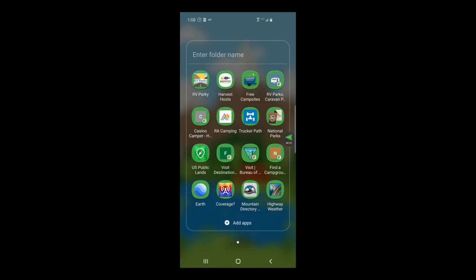Here is the folder that I have with all of my apps. I have put them in a particular order from the ones I use the most to the ones I use the least, and I'm going to tell you how I use them all together.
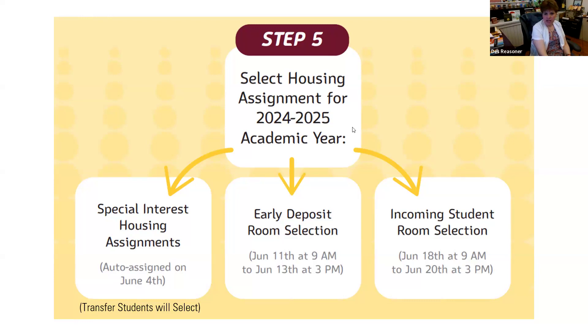If I did the early deposit, I'll get notification to select my hall and room assignment starting June 11th, and my roommate will automatically be pulled in? Yes. The week before June 11th, I'll send an email to anyone eligible who paid the early deposit, telling them they can select starting June 11th at 9 a.m. And if you've matched with a roommate, when you select your room, your roommate will be pulled in with you.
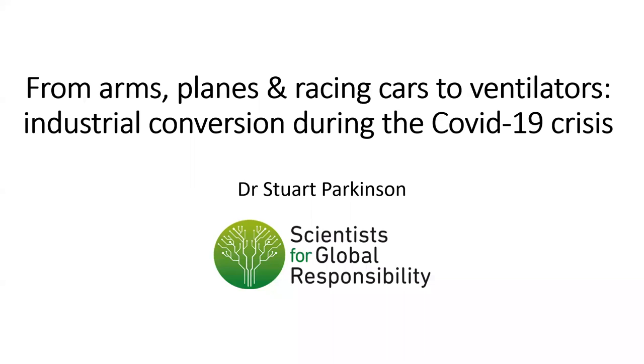Can you put up my slides please? And we will take a whirlwind tour through industrial conversion during the COVID-19 crisis.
************
The data shown above must be printed again exactly, with no images included.

## Problem solution
Here is the folder that I have with all of my apps. I have put them in a particular order from the ones I use the most to the ones I use the least, and I'm going to tell you how I use them all together.
If I did the early deposit, I'll get notification to select my hall and room assignment starting June 11th, and my roommate will automatically be pulled in? Yes. The week before June 11th, I'll send an email to anyone eligible who paid the early deposit, telling them they can select starting June 11th at 9 a.m. And if you've matched with a roommate, when you select your room, your roommate will be pulled in with you.
Can you put up my slides please? And we will take a whirlwind tour through industrial conversion during the COVID-19 crisis.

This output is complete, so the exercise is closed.